Önce Ankara’da kafelerde transfer çalışması yürütülmeye kalkıldı, sonra gelen tepkiler üzerine komite Rize’ye taşındı ama scaut ekibinin hazırladığı listeden oyuncu seçimi yapılması yerine, yine birilerinin dediği oldu ve bu kadro oluşturuldu. Görevi sonlandırılan scaut ekibi “12 transferin 4’ü bizim” deyip diğer isimleri sahiplenmezken, transfer komitesi kimin etkisine kalmış, kimlerin dediğini yapmış belli değil. Mesela Traore’nin sakat olduğu raporu gelmesine rağmen fiyatı düşürülüp yine de imza attırılması, son gün Gladkyy’nin bize uygun olmayacağı söylenmesine rağmen transfer edildiği iddiaları aslında komitenin işini beceremediğinin de en büyük göstergesi oluyor.

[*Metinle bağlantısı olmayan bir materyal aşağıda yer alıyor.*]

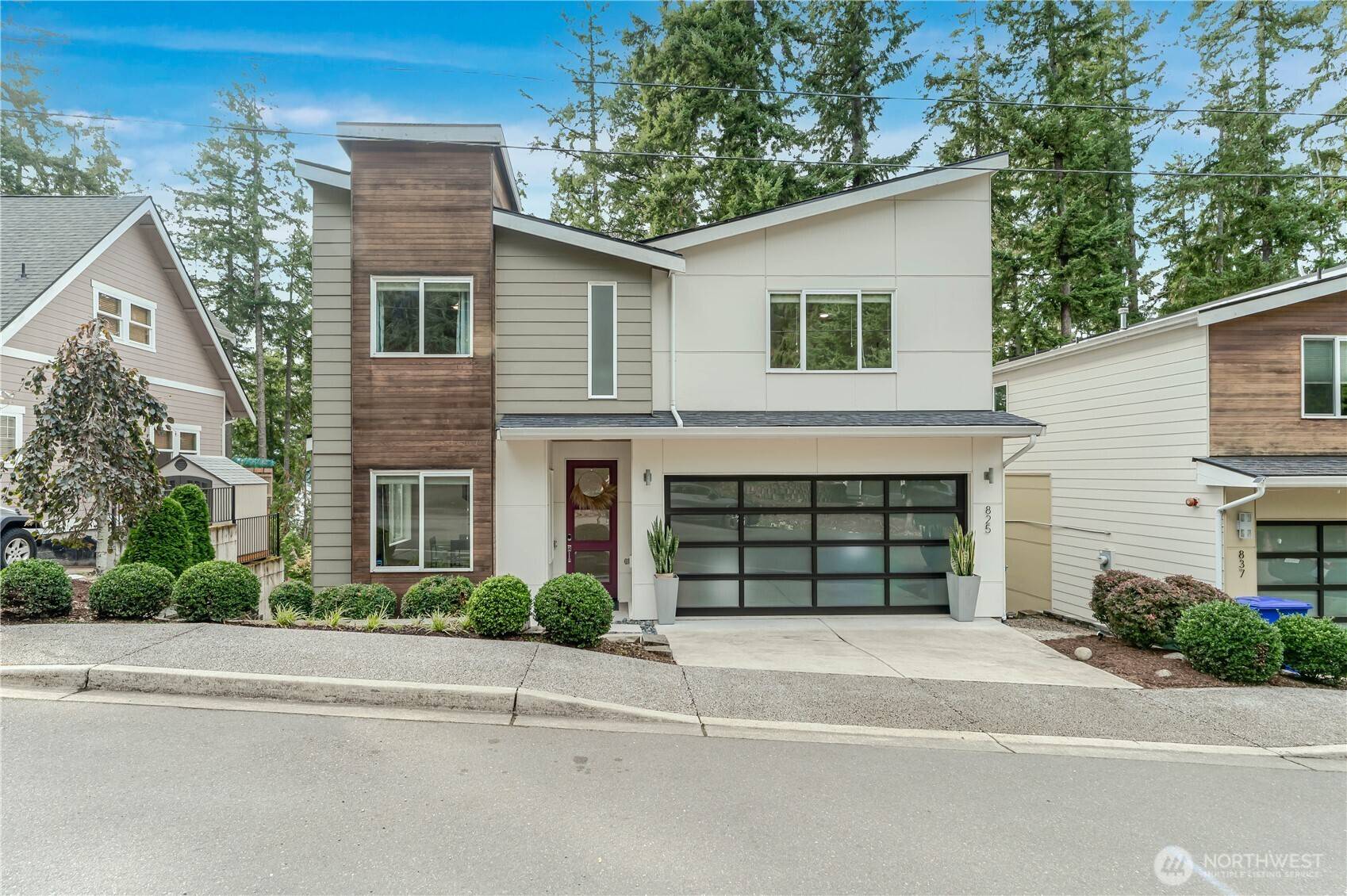 Sammamish, WA 98074,825 206th AVE NE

Şimdi 10 Kasım’da kongre var. Başkan Kartal ekibini kurarken umarım yanlışa düşmez. Futbolu seven, futboldan anlayan, az çok da ticari zekası olan insanları ekibine dahil eder. Tabii şaibeli isimlerden de uzak durması lazım. Dost-ahbap ilişkileri içinde yönetici belirleyip ekip kurmanın faydalı olmadığını gördük.
Şimdi ligin dibinde olan, toparlaması önemli bir bütçeye ve ciddi bir çalışmaya ihtiyaç duyan bir takım var ortada. Rize’yi ve Rizespor’u seven, Rizeli’yi ve Rizespor’u düşünen insanlar lazım. Rizespor zarar görürse Rizeli’nin tepkisi de eylemi de farklı olur.